→ WHAT IS NEEDED
Will you output all of the data below exactly, omitting the images?

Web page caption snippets

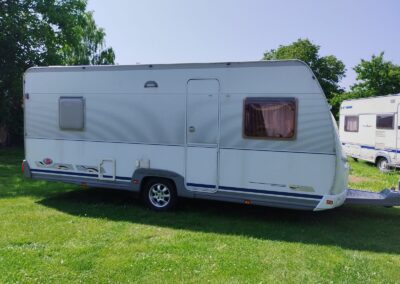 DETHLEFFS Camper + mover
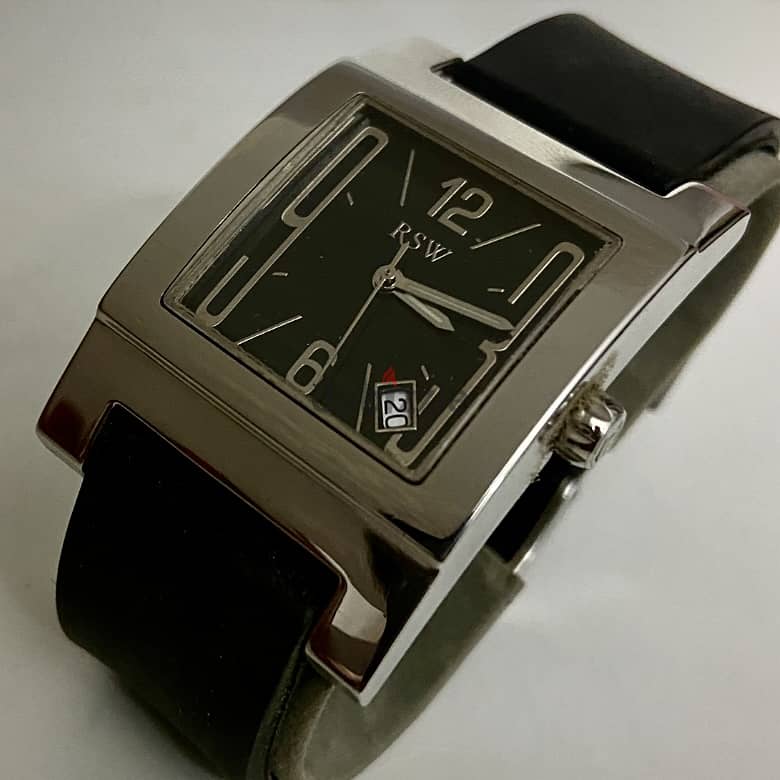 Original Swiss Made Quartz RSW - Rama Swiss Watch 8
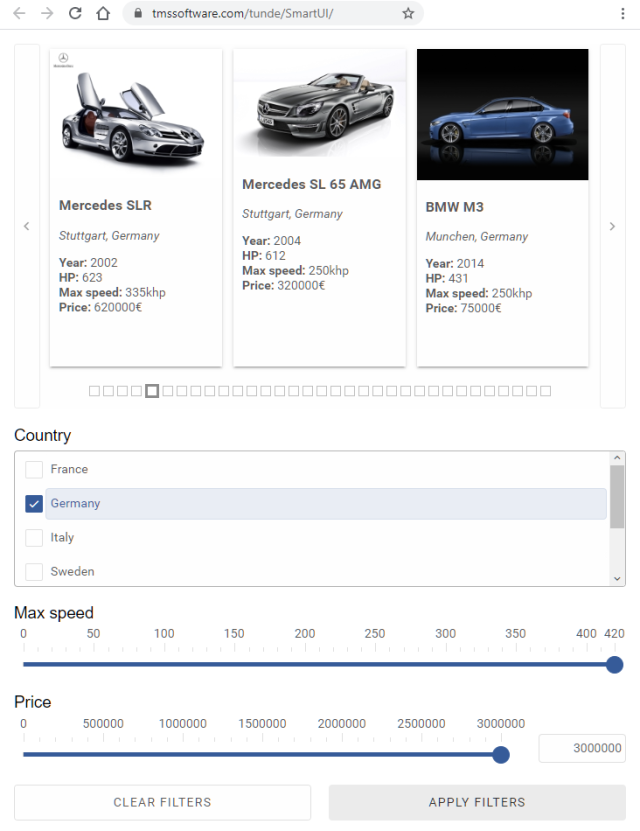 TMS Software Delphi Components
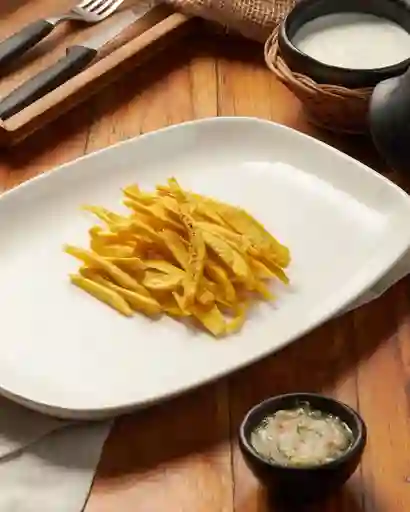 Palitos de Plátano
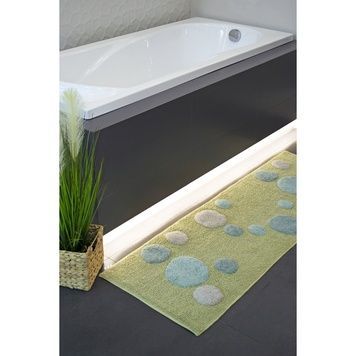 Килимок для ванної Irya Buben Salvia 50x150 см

→ COMPLETED EXERCISE
 DETHLEFFS Camper + mover
 Original Swiss Made Quartz RSW - Rama Swiss Watch 8
 TMS Software Delphi Components
 Palitos de Plátano
 Килимок для ванної Irya Buben Salvia 50x150 см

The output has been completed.